Share your dilemmas and get honest opinions from other Mumsnetters.

To ask if this is normal for a teenager?

108 replies

Grumpbump · 16/10/2022 06:47

I will start by saying I never had a very good relationship with my mum so I don’t really know what’s ‘normal’

I have a 13 year old daughter, I would say we are close, she tells me about boys friends difficult things and she expresses how she feels pretty well normally. Recently her attitude has been a bit of a problem but really we talk and I make it clear she can always talk to me no judgment.

I check her phone and I recently saw text messages to her best friend saying she can’t speak on the phone because I’m here. She also text saying it’s like my mum doesn’t understand me, I can never talk to her. Is this normal? She has her privacy, she sits on the phone to her friend in her room. Is this something I should speak to her, I feel quite sad she feels like she can’t talk to me

OP posts:
Mummyoflittledragon · 16/10/2022 10:28

neverbeenskiing · 16/10/2022 10:12

However, I do not agree with checking teens phones. I never did. I gave them privacy. Instead I taught my DC online safety and they always came to me whenever there was anything dodgy or distressing.

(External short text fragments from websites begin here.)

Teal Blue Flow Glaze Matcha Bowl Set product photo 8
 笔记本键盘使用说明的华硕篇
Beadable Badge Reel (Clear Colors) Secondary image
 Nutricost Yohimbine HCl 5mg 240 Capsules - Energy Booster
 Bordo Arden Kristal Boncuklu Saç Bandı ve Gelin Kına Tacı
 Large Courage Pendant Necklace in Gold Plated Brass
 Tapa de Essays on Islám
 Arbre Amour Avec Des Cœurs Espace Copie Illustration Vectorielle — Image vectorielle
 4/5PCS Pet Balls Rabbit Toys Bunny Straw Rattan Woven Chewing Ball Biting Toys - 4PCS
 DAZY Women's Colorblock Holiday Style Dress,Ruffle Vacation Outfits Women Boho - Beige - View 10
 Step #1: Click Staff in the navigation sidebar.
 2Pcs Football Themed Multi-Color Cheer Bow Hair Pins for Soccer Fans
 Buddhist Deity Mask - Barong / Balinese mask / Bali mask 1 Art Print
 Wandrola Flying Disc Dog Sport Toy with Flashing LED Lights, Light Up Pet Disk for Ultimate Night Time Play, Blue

School Safeguarding Lead here. If I had a pound for every time a parent had told me they don't need to check their child's phone because they've taught them online safety and they always come to them with anything dodgy or distressing, and then I've had to tell that parent something both dodgy and extremely distressing about their own DC that came as a massive shock to them, I'd be a very rich woman.

I know a family like this. A question of privacy apparently. I’m talking about 11 and 12 ffs. I gave up trying to persuade them and reporting stuff to them as it wasn’t dealt with properly.

Theroad · 16/10/2022 10:31

It's perfectly normal, and if you aren't checking younger teens' phones, you aren't parenting them properly.

Quite. Scary that so many let their very young DC loose with their phones/internet access. Have you people seen the internet?! Bad, bad parenting.

Discovereads · 16/10/2022 10:34

Toddlerteaplease · 16/10/2022 10:27

Molly Russell is the reason
Parents of young teenagers should check their phones.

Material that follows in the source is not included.